The New York Times
MANHATTAN BEACH, Calif., Oct. 4 – Gov. Gray Davis spoke animatedly with a cluster of national guardsmen today at a training compound here just south of Los Angeles, emphasizing his support for their critical mission: protecting airports. Although this was not the sort of appearance the governor used to make, it was the second this week in which he had placed himself in front of cameras with uniformed guardsmen.
In fact, it was just the sort of appearance governors across the country are making as they seek to identify themselves with the popular campaign for greater domestic security. But while many incumbents are enjoying a lift among the public, with voters expressing a desire for stability over change, Mr. Davis could turn out to be the exception, political experts say.

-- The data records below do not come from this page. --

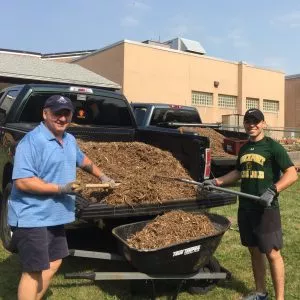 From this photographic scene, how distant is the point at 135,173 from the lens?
16.9 feet

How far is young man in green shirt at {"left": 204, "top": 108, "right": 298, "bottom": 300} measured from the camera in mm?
4098

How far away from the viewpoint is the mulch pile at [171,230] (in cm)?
405

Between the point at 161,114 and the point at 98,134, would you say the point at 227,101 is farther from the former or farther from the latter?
the point at 98,134

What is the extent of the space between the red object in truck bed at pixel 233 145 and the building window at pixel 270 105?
2406 cm

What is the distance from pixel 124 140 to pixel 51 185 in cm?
311

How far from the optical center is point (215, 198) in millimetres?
4785

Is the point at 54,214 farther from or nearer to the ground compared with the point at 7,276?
farther from the ground

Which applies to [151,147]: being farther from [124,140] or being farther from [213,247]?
[213,247]

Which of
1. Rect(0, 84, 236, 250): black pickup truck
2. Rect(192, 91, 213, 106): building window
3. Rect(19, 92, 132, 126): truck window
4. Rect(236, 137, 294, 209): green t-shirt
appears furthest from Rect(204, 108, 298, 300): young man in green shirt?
Rect(192, 91, 213, 106): building window

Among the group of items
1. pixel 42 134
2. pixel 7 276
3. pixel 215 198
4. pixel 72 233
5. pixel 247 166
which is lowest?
pixel 7 276

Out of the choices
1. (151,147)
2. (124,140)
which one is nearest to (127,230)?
(151,147)

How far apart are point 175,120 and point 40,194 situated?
808cm

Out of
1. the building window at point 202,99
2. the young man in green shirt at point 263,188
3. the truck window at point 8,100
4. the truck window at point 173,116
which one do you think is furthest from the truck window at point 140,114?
the building window at point 202,99

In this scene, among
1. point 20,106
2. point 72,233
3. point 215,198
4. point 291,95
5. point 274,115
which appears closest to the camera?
point 215,198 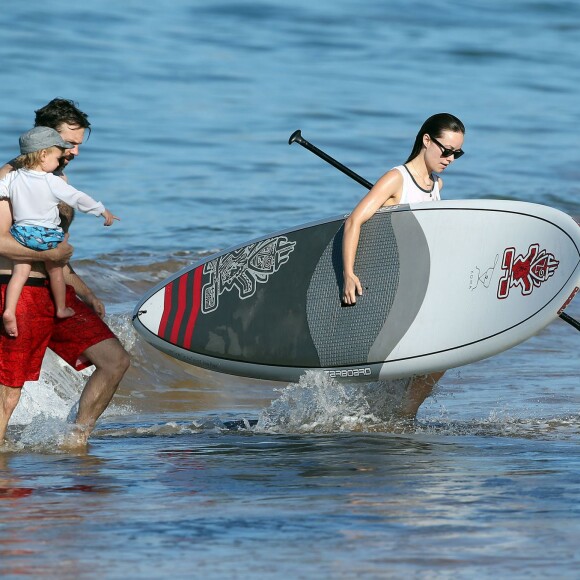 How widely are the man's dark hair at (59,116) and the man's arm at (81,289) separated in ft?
2.01

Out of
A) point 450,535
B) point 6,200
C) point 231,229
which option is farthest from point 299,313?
point 231,229

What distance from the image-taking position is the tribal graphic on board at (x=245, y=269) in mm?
6102

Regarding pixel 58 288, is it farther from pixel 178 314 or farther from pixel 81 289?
pixel 178 314

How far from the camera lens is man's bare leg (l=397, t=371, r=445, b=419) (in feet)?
19.9

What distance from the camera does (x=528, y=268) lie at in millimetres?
5766

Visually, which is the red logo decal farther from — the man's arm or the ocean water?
the man's arm

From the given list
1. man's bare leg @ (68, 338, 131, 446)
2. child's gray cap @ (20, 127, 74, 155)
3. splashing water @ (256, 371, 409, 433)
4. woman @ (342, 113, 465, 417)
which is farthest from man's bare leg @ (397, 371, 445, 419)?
child's gray cap @ (20, 127, 74, 155)

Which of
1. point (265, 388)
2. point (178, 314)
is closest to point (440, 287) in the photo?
point (178, 314)

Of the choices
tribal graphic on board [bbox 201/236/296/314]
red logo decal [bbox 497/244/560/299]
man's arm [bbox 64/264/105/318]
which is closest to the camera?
man's arm [bbox 64/264/105/318]

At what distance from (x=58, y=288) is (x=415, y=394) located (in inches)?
73.9

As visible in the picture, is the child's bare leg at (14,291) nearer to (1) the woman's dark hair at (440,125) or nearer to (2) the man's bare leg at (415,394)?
(1) the woman's dark hair at (440,125)

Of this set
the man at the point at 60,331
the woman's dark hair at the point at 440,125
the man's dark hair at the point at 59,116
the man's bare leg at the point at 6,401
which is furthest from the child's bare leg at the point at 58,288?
the woman's dark hair at the point at 440,125

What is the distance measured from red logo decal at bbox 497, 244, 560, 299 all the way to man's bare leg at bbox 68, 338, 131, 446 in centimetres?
173

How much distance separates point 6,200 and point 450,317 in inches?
80.3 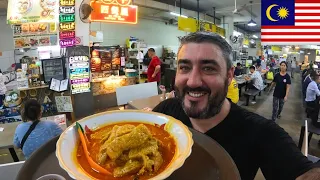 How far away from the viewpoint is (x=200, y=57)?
104cm

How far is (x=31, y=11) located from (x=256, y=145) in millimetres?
5167

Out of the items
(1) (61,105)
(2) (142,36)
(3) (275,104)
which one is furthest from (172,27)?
(1) (61,105)

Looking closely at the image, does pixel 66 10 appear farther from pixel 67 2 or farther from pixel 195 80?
pixel 195 80

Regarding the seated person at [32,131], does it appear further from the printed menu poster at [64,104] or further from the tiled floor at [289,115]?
the printed menu poster at [64,104]

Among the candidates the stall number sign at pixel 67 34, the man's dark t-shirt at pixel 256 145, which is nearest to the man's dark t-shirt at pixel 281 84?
the man's dark t-shirt at pixel 256 145

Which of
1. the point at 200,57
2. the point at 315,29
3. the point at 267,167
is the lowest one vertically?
the point at 267,167

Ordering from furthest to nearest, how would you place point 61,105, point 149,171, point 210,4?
1. point 210,4
2. point 61,105
3. point 149,171

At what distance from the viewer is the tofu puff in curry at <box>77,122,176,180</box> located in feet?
2.23

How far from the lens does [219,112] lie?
1142mm

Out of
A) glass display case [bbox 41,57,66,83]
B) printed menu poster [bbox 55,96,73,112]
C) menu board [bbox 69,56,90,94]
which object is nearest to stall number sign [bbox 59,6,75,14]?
menu board [bbox 69,56,90,94]

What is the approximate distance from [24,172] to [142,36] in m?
12.7

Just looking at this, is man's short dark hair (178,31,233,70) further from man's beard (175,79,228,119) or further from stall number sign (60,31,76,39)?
stall number sign (60,31,76,39)

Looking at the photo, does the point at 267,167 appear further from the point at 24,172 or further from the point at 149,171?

Mr. Davis, a centrist Democrat who took office with a landslide election victory three years ago, has seen his approval ratings slump for months, even as the state’s energy crisis has abated. What appeared likely to be a runaway re-election race for which he has already raised more than $30 million now looks as if it could prove a tough battle.
Polls taken in early September, before the terrorist attacks, showed Mr. Davis trailing former Mayor Richard J. Riordan of Los Angeles, a potential Republican challenger in next year’s race, by a couple of percentage points, even though Mr. Riordan has yet to formally announce and is not well known in many parts of the state.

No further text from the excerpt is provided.